The Dishes Problem

 Due to all the influences on me, it was hard not to consider the problem in a non-algebraic method. Thus, I had to solve the question algebraically to find the number of guests that generates 65 dishes... is 60. After doing it algebraically, I modelled and graphed the number of dishes created, given the number of guests attending. Here, I had to make some assumptions to proceed.

My algebraic work as well as working out how an x number of guests affect the number of dishes.

Suppose 5 guests showed up, and following the logic the cook provided, I assumed the following. 3 dish of rice was used as 2 guests used a dish of rice. Then, with 5, 3 dishes are needed, so the 1 remaining guest has a rice dish. Then, 2 dishes of broth had to be used. Once again, this is so the remaining 2 guests who still need to get a dish get one. Similarly, 2 meat dishes are used, so the 1 remaining guest gets something. Thus, we took all the dishes' mathematical ceilings to ensure all the guests got adequate food. With this assumption, one will realize that there are 2 correct answers to this question. 59 and 60 guests are valid, except one will have leftovers. Since the question did not mention leftovers, it is safe to assume both are correct. Instead of using pure algebra, graphing the question has yielded some interesting results, as I realized after seeing 59 guests with 65 dishes is also a valid solution.

Number of dishes needed given the number of guests.

My assumptions came with the idea of the image as I thought what would happen when this many guests showed up. As a host, I would rather have leftovers than a hungry guest because I failed to make enough food to satisfy everyone. Thus, providing imagery to the question can also get students to think outside the box, assuming it is allowed. At the same time, if we restrict students from thinking creatively by adding a handful of restrictions, what is the point of giving the students an image if the stated rules shackle them?

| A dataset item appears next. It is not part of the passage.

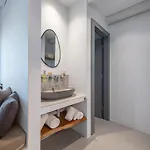 Paros Cape Apartmanhotel Náusza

It is suitable to bring up the history of math as it demonstrates to students how/ancient some of the mathematical techniques taught in class are. With a question posed back in the 4th century CE, the student can realize how some of the topic being learned was once used to solve a problem. Similarly, math techniques did not only originate in 1 culture, and I like to believe that people with diverse experiences with different cultures can be a better citizens filled with love and not hate.